Pero la aparición del socialismo trae un espíritu nuevo y distinto en la vida sindical: la constatación de una lucha entre la clase de los trabajadores y la de los patronos, lucha que se eleva desde las competiciones diarias hasta convertirse en un medio de acción política, y por tanto revolucionaria, dirigida a mellar y perturbar el principio sobre el que se basa la economía presente de la producción y las correspondientes formas políticas que nos gobiernan, la constatación, decíamos, de esta lucha de clase y de este programa revolucionario, subvierte y renueva completamente la función de las asociaciones obreras. Éstas no piden ya ser defendidas por partidos fieles a las instituciones e influyentes en los gobiernos, sino que dan lugar a un partido de reivindicaciones obreras, a un partido de ataque y de ofensiva contra las instituciones políticas y económicas de la clase burguesa: el partido socialista.
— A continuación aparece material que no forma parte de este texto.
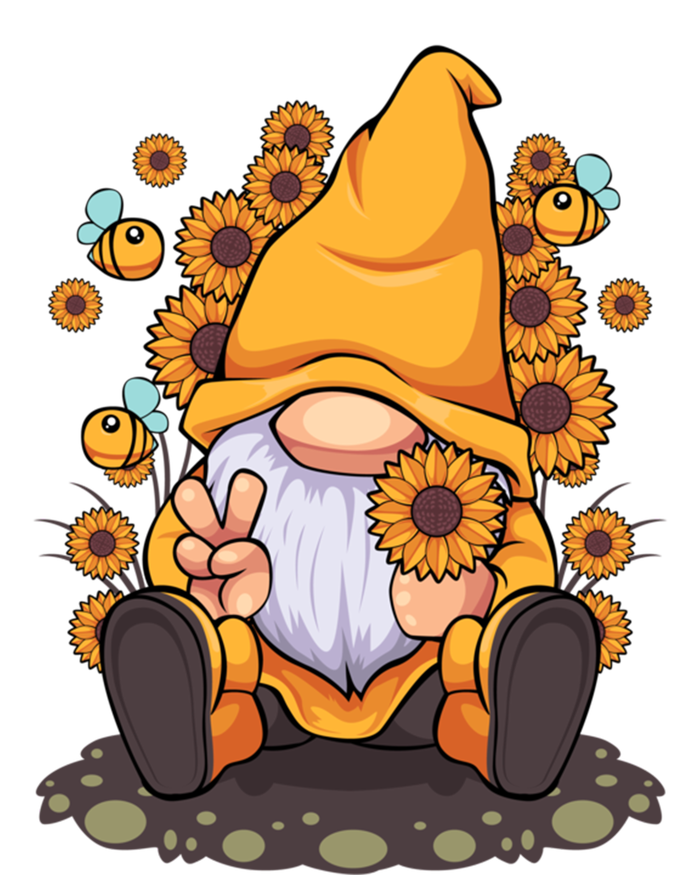 Funny Hippie Sunflower Gnome With Bee Flower Summer Design Gift Valucap Bio-Washed Visor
Éste, que no es un partido obrero ni obrerista, debe asumir la misión de defender el programa revolucionario e instilar en las organizaciones obreras el concepto de que ellas deben coordinar la acción diaria de mejoras con el programa de clase, y afirmarlo y apoyarlo en el campo político y social.
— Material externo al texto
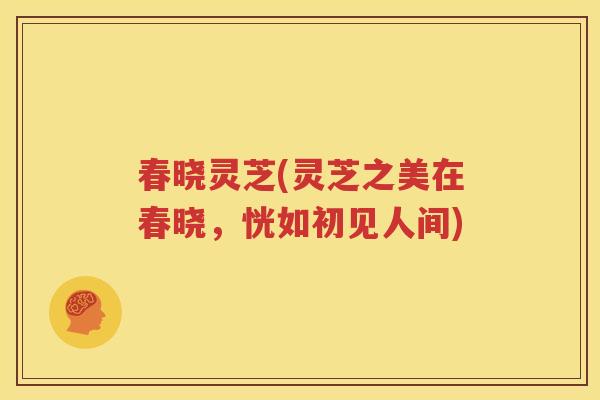 春晓灵芝(灵芝之美在春晓，恍如初见人间)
Pero, desgraciadamente, el partido socialista se ha degenerado en muchos países. El reformismo lo ha ahogado, lo ha hecho esclavo de ciertas tendencias instintivas del proletariado hacia las conquistas inmediatas, lo ha ilusionado con que esta era la verdadera vía para adquirir fuerza e influencia. El partido revolucionario amenazaba con convertirse en un colegio de abogados del egoísmo obrero...
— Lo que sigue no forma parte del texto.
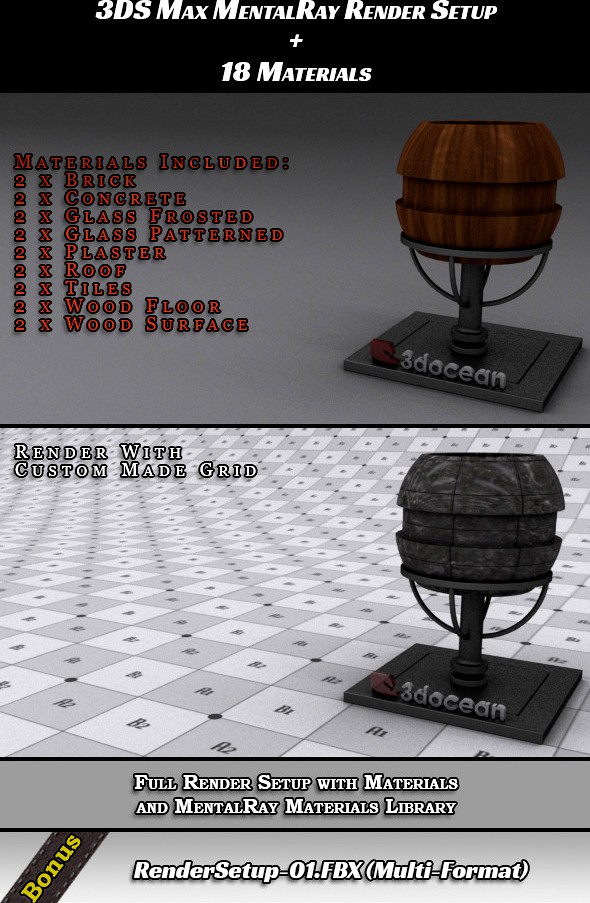 Render Setup for 3DS Max + 18 Materials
La escuela sindicalista ha reaccionado justamente y, a grandes rasgos, ha sostenido esto: el partido socialista desempeña ya la misma acción conservadora que los partidos burgueses; esa acción de cambio recíproco de favores entre grupos políticos y sindicatos es análoga a la desempeñada por los partidos y por los hombres políticos conservadores: no es necesario un partido ex profeso que tenga sólo la etiqueta revolucionaria. Pero los burgueses nunca desempeñan esa acción por simpatía hacia el movimiento obrero, sino sólo porque ellos saben muy bien que de esta forma lo debilitan y lo desmantelan poco a poco, incapacitándolo no sólo para una acción revolucionaria de clase, sino para la misma lucha por las mejoras inmediatas que, para que ofrezca éxitos positivos, exige firmeza, solidez e independencia verdadera por parte del sindicato. De estas constataciones, a veces exageradas en lo que se refiere a los socialistas, el sindicalismo ha deducido la inutilidad, e incluso el daño, del partido socialista para el proletariado. Y ha formulado el dogma de que el sindicato debe ignorar la acción política, boicoteando a todos los partidos, y que puede desempeñar por sí solo la lucha de clase con finalidad revolucionaria.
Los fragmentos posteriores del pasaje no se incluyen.